I’m practicing some problems for applied mathematics, and couldn’t quite solve the following:
In differential equations of equilibrium, from u(0) = a, du/dx(0) = b, u(1) = c, du/dx(1) = d we get the Hermite polynomial u = a(x-1)²(2x+1) + b(x-1)²x + cx²(3-2x) + dx²(x-1). But how do I get the cubic which substitutes u = a(x-1)²(2x+1) + b(x-1)²x + cx²(3-2x) + dx²(x-1) when we move the right end of the interval from x=1 to x=h?
And how do I get the new form of 2(s0) + 1(s1) = 3(u1) – 3(u0) for the case described above, and given that d²u/dx² = 0 at x = 0 (in which u are the heights and s the slopes)
If you know the solution, or could guide me in the right direction, I would appreciate it a lot!

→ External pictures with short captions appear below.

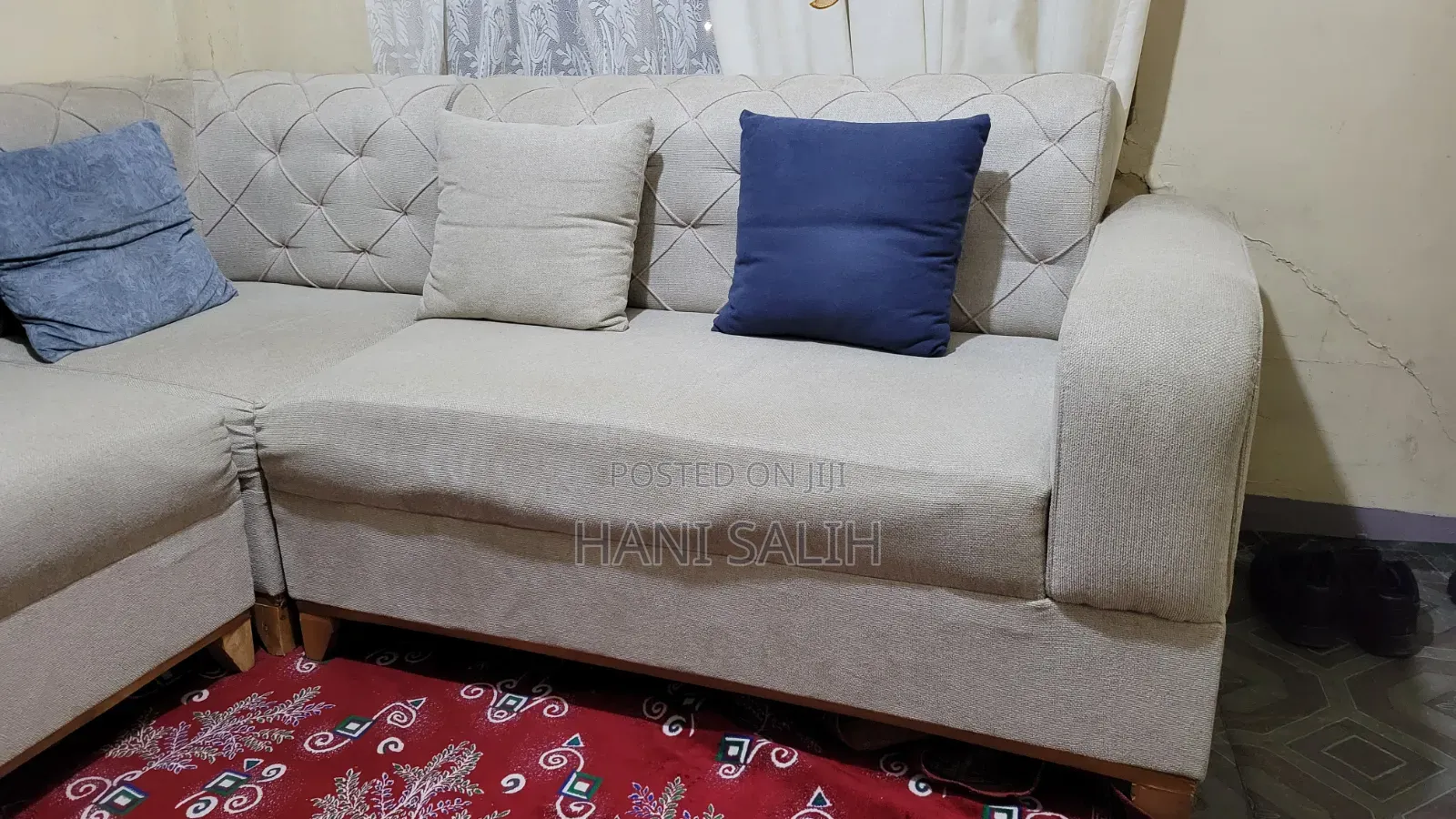 L Shape Sofa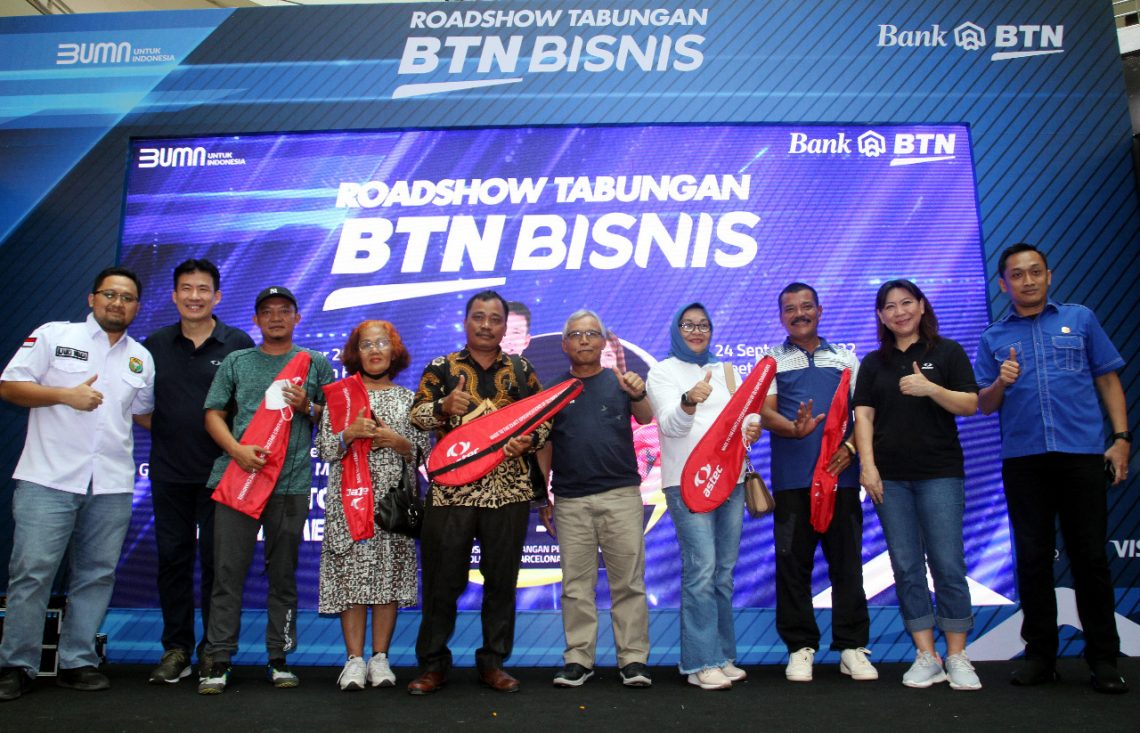 Bank BTN Road Show Tabungan BTN Bisnis di Medan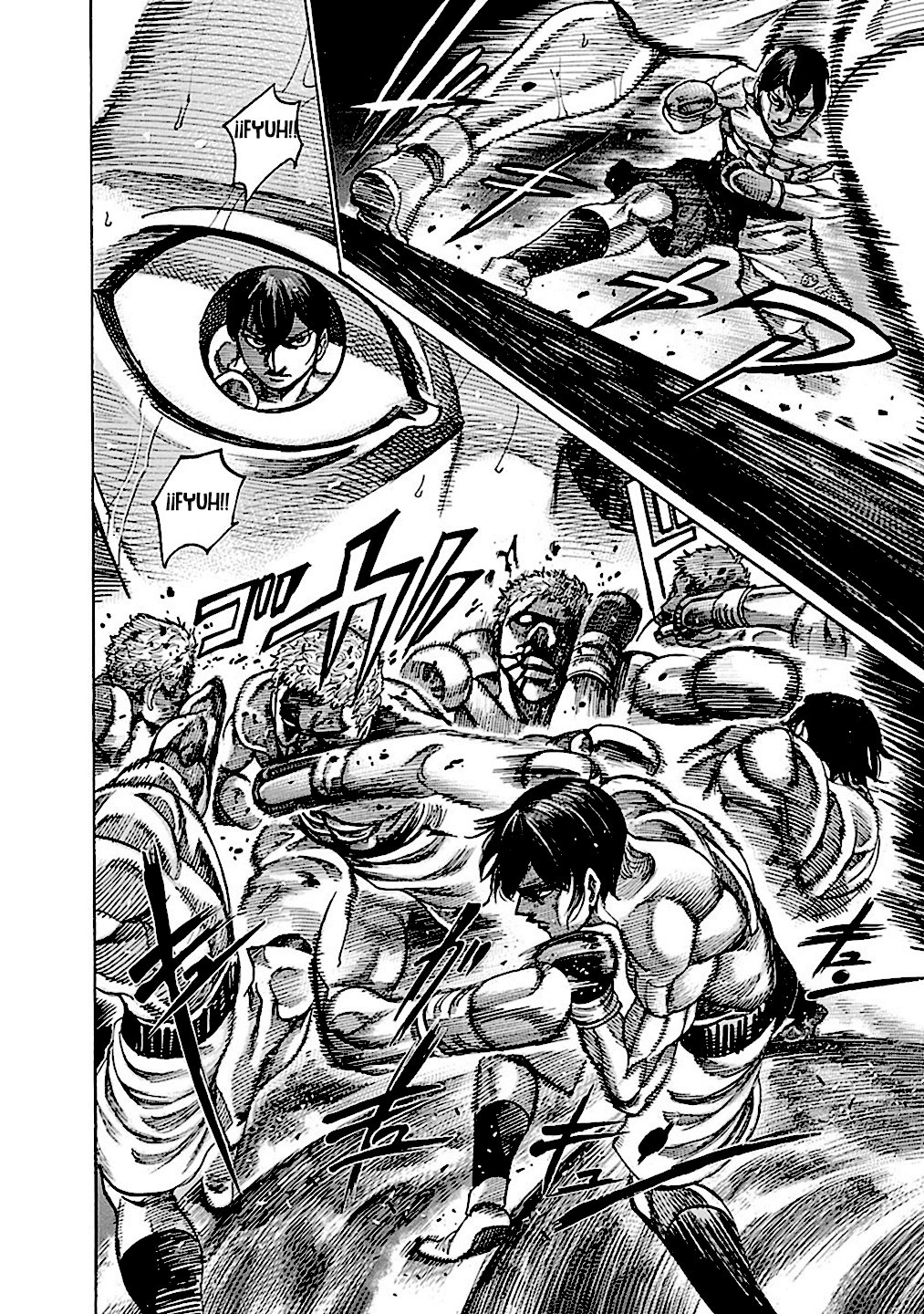 Read Rikudo (es) Manga Online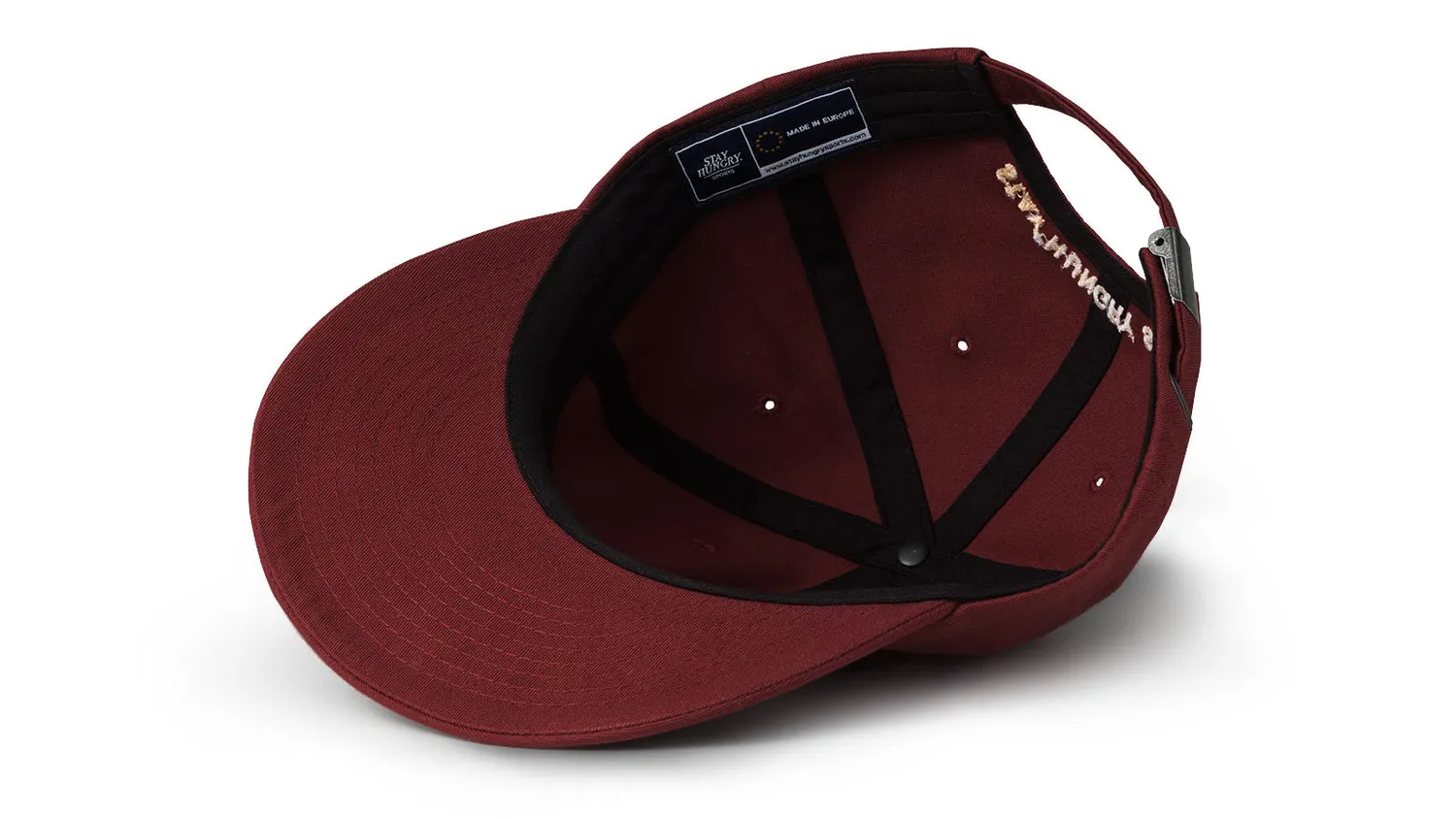 Karhu x Stay Hungry Cap cappello bordeaux regolabile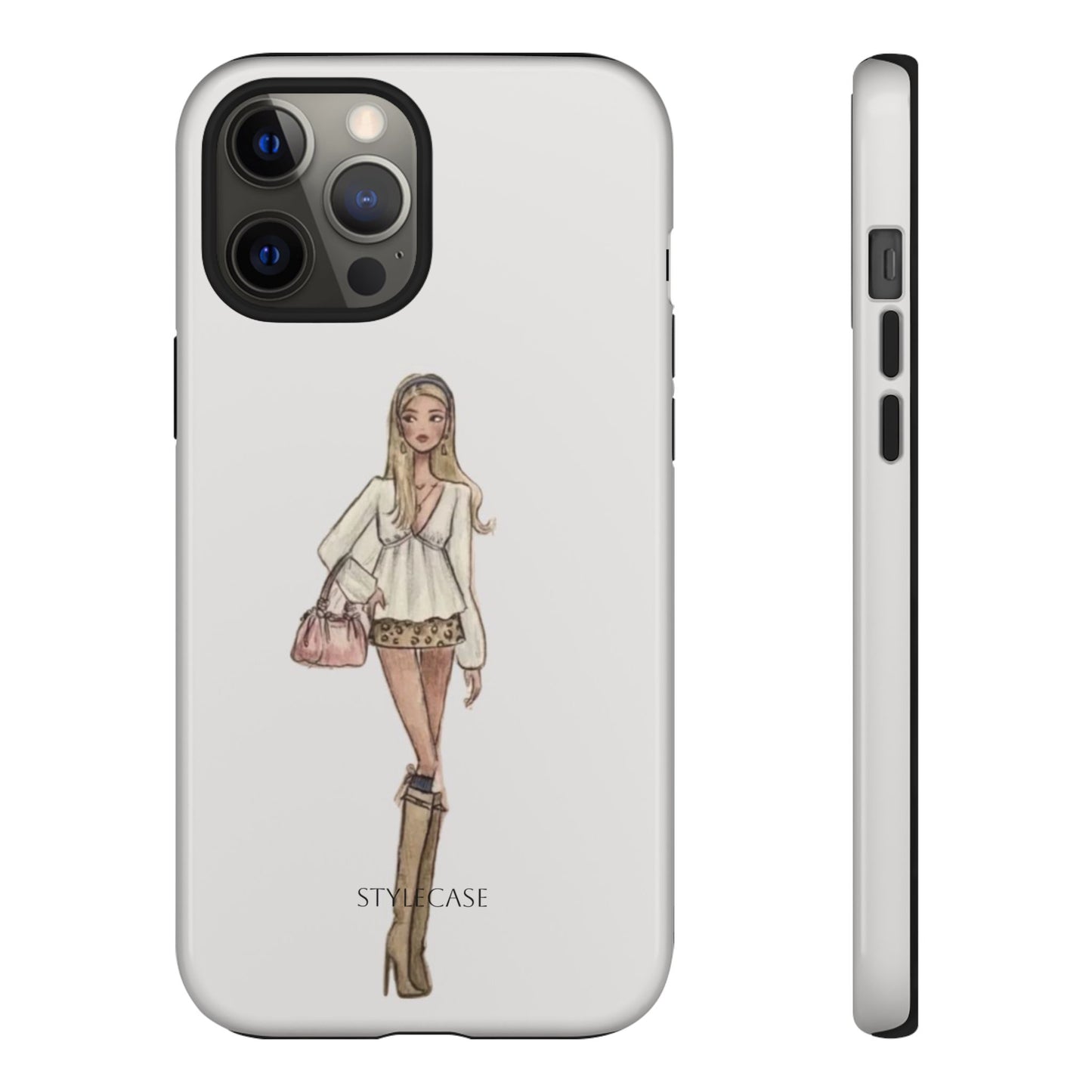 Chic Fashion Phone Case — Tough Samsung And Iphone Case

Thanks in advance..
• Apr 24th 2010, 12:53 AM
running-gag
Hi

Using the following base
x(x-h)²
(x-h)^3
x²(x-h)

instead of the canonical base x^3, x², x, 1

I can find

$u(x) = \frac{a}{h^3} (x-h)^2(2x+h) + \frac{b}{h^2}x(x-h)^2 + \frac{c}{h^3}x^2(3h-2x) + \frac{d}{h^2}x^2(x-h)$
• Apr 24th 2010, 03:13 AM
francoiskalff
.
Hi running-gag,
Thanks for taking a look at my question, but I couldn't quite figure out how to get from the canonical base to the new one. Could you show me how?
• Apr 24th 2010, 08:56 AM
running-gag
You are looking for a third degree polynomial

To find it you can use the canonical base $x^3$, $x^2$, $x^3$, $1$,
set $u(x) = \alpha x^3 + \beta x^2 + \gamma x + \delta$
and use the conditions $u(0) = a$, $\frac{du}{dx}(0) = b$, $u(h) = c$, $\frac{du}{dx}(h) = d$

But you can use another base in order to simplify the calculations

I used $x(x-h)^2$, $(x-h)^3$, $x^2(x-h)$, $x^2$ also because I wanted to find a result with a form close to the one you already had for h=1

To show that $x(x-h)^2$, $(x-h)^3$, $x^2(x-h)$, $x^2$ is a base you set
$\alpha x(x-h)^2 + \beta(x-h)^3 + \gamma x^2(x-h) + \delta x^2 = 0$
and you show that this leads to $\alpha= 0$, $\beta = 0$, $\gamma = 0$ and $\delta = 0$

To find u(x) you set
$u(x) = \alpha x(x-h)^2 + \beta (x-h)^3 +\gamma x^2(x-h) + \delta x^2$
and you use the conditions $u(0) = a$, $\frac{du}{dx}(0) = b$, $u(h) = c$, $\frac{du}{dx}(h) = d$
• Apr 24th 2010, 12:27 PM
francoiskalff
Thanks running-gag, its clear to me that you know your math quite well! Thanks for showing me the way.. :)
Do you by any chance know the second part of my question? I think I should end up with 2s(0)+s(1)=(3u(1)-3u(0))/h but I'm not quite sure...